Others point to the looming consumption tax hike to 8 percent from 5 percent, set for April, as having the potential to derail the country's nascent recovery.

(Read more: Japan's tax hike won't hit all retailers equally)

"With the consumption tax rate hike, people are going to suffer negative wage growth and that will have a consequence on the economy," said Takuji Okubo, chief economist at Japan Macro Advisors.

Okubo also wasn't certain Abenomics has successfully driven up domestic demand.

"Private consumption is actually doing crazy things," he told CNBC, noting it rose 3 percent last year. "Japan has a shrinking economy with a lot of elderly people. In natural way, consumption shouldn't be rising 3 percent. I would even call that a bubble already."

In addition, Credit Suisse expressed doubts about how successful the massive easing program from the Bank of Japan has been at creating inflation. According to its calculations, excluding the effects of import cost inflation largely driven by a weaker yen, November's "underlying inflation" would actually have been a decline of 0.2 percent.

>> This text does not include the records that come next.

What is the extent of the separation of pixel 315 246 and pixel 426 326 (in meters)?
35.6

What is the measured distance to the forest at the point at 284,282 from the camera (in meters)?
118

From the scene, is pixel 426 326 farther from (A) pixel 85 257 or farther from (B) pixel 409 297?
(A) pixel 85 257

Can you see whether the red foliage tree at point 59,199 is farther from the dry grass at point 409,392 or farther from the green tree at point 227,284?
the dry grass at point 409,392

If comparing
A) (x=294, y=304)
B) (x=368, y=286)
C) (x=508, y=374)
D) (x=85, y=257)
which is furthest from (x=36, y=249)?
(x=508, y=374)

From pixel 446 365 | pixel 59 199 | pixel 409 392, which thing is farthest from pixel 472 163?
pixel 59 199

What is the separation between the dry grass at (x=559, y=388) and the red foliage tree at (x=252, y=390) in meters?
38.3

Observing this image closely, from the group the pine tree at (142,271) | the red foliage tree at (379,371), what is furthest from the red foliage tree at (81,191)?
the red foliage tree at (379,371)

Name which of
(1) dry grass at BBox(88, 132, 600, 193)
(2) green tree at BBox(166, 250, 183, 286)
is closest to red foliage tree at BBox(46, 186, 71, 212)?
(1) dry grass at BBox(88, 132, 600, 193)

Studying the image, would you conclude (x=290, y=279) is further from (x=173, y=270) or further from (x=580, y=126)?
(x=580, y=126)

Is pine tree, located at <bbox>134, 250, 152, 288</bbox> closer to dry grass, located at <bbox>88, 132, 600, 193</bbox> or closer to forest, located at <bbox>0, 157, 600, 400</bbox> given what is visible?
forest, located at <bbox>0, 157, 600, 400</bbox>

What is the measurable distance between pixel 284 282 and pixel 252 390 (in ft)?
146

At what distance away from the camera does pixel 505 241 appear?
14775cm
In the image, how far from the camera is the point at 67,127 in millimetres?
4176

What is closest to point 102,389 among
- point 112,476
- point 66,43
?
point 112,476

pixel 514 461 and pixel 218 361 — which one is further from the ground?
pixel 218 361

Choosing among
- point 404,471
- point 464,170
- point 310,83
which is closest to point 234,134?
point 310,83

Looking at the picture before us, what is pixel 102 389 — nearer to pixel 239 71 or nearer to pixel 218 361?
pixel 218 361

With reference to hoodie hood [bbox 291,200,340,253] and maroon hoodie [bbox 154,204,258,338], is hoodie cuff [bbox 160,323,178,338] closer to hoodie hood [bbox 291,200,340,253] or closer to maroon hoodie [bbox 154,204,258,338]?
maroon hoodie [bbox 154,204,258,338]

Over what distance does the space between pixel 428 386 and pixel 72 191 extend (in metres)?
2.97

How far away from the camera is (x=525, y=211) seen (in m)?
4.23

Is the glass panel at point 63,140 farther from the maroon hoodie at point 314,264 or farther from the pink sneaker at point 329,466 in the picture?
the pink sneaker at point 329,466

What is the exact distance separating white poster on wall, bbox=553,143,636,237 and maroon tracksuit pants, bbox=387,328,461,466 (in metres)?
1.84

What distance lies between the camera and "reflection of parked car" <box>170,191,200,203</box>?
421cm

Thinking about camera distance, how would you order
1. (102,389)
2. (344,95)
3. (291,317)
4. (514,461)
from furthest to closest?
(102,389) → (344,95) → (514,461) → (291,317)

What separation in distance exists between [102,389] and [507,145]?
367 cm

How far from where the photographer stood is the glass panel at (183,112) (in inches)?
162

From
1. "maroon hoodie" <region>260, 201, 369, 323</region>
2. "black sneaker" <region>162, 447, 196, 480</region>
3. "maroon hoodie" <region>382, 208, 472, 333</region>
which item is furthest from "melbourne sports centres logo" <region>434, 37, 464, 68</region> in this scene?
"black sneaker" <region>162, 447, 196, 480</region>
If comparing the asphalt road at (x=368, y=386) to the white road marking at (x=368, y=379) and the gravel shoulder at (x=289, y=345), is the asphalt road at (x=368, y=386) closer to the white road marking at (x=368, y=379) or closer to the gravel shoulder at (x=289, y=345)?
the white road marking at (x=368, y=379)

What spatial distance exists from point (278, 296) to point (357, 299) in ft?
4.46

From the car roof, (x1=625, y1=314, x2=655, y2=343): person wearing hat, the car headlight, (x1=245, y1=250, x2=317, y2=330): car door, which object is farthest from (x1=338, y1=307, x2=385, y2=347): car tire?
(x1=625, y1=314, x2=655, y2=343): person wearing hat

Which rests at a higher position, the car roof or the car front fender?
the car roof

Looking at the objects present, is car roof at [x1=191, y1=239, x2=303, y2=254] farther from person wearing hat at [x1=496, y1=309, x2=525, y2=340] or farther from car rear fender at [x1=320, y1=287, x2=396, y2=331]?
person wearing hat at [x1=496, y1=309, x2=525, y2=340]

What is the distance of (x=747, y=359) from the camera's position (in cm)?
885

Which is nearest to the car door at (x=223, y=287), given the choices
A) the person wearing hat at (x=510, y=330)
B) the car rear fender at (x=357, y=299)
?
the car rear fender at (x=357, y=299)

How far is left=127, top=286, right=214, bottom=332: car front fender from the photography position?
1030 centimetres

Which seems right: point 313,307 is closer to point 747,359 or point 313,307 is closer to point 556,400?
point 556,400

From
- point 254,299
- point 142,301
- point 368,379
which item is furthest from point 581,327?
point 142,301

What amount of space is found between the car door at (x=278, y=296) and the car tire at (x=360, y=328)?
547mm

(Read more: Buy Japan exporters on weak yen? Not so fast)

"The recent acceleration in core CPI (consumer price index) inflation is a temporary phenomenon attributable mostly to rising import prices or costs," it said in a note. "The broader economy remains under a deflationary pressure. In other words, there is still much to be done before a 'victory' over deflation can be declared with any real conviction."

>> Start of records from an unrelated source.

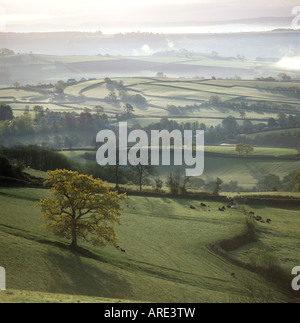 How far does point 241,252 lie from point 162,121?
308 feet

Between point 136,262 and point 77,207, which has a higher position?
point 77,207

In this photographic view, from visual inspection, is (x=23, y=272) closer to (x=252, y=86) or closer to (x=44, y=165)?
(x=44, y=165)

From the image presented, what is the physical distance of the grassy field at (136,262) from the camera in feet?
90.3

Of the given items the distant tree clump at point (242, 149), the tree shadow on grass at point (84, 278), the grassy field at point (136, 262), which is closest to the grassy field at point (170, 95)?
the distant tree clump at point (242, 149)

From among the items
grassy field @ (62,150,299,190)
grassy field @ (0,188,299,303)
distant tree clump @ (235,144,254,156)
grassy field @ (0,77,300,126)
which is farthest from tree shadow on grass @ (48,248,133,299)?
grassy field @ (0,77,300,126)

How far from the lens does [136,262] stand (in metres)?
34.0

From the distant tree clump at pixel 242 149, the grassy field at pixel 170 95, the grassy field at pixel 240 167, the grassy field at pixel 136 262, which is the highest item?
the grassy field at pixel 170 95

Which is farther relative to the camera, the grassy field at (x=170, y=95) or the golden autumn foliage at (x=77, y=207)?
the grassy field at (x=170, y=95)

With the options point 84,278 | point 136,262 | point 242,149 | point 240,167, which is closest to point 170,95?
point 242,149

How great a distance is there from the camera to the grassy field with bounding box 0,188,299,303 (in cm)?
2753

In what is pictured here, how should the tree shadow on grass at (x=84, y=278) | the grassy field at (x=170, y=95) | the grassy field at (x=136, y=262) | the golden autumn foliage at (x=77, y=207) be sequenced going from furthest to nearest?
the grassy field at (x=170, y=95)
the golden autumn foliage at (x=77, y=207)
the grassy field at (x=136, y=262)
the tree shadow on grass at (x=84, y=278)

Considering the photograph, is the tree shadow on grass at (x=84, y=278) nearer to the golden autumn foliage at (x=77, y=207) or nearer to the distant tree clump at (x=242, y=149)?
the golden autumn foliage at (x=77, y=207)

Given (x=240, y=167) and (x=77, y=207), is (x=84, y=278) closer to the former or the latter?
(x=77, y=207)

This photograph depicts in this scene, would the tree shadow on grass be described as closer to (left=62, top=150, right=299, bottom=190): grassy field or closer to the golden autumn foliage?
the golden autumn foliage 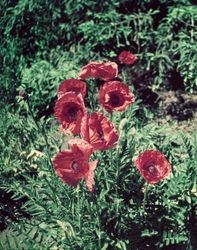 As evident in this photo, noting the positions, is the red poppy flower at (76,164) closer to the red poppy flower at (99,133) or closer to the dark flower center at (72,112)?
the red poppy flower at (99,133)

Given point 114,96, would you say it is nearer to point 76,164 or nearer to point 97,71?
point 97,71

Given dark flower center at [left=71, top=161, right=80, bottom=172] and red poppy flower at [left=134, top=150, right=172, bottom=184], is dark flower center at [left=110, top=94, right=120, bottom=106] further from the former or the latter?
dark flower center at [left=71, top=161, right=80, bottom=172]

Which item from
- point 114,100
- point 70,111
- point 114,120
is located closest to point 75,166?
point 70,111

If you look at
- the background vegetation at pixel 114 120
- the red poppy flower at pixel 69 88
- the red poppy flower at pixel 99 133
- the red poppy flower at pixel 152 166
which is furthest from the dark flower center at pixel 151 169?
the red poppy flower at pixel 69 88

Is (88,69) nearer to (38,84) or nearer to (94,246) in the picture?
(94,246)

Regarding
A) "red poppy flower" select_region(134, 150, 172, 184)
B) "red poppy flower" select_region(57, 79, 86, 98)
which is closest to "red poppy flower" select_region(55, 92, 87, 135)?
"red poppy flower" select_region(57, 79, 86, 98)

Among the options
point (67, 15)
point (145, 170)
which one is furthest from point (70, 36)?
point (145, 170) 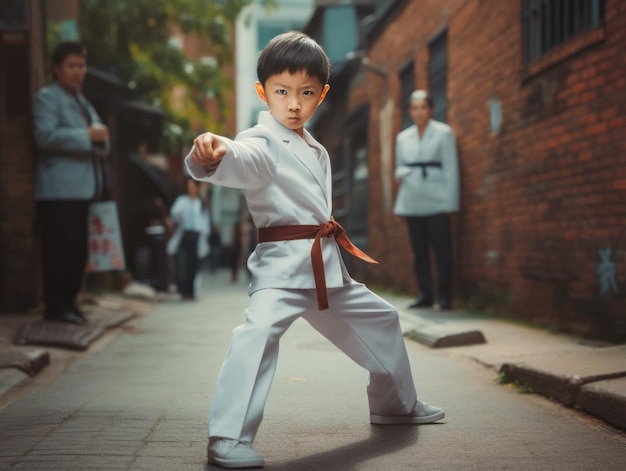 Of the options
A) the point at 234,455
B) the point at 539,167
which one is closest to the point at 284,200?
the point at 234,455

Some are doubtful of whether promised wage increases will come through to bolster consumer demand, especially in the wake of the coming tax hike.

While Abe has signaled he believes a "wage surprise" is just around the corner, Capital Economics expects this will be a "damp squib."

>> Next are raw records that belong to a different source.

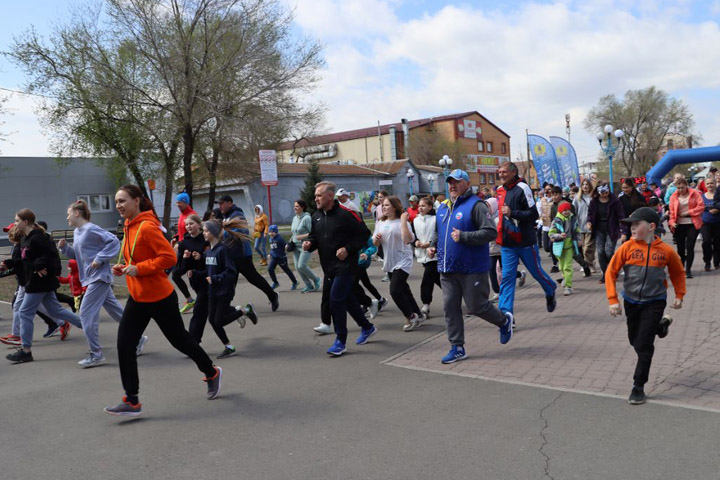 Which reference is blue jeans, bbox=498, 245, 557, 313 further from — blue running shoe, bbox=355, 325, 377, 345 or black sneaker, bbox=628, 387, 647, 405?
black sneaker, bbox=628, 387, 647, 405

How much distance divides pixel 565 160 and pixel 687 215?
40.3 feet

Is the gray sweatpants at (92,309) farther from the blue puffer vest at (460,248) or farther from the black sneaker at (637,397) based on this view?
the black sneaker at (637,397)

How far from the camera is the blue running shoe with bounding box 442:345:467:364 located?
19.0 feet

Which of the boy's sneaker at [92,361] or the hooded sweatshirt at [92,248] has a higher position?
the hooded sweatshirt at [92,248]

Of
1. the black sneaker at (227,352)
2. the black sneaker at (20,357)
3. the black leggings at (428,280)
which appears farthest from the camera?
the black leggings at (428,280)

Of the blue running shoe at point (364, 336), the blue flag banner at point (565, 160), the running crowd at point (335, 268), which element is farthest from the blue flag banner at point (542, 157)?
the blue running shoe at point (364, 336)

"These are not the first annual wage negotiations under Prime Minister Abe," Capital Economics said in a note. "He encouraged employers to raise wages in last year's round too, with limited success. While business conditions have certainly improved since then, we struggle to see why his exhortations should have much more impact this time around."

(Read more: Is the honeymoon over for Japan equities?)

It noted Japan's trade unions have limited clout, with employee membership below 20 percent, and struggle to hold employers to agreed wage increases.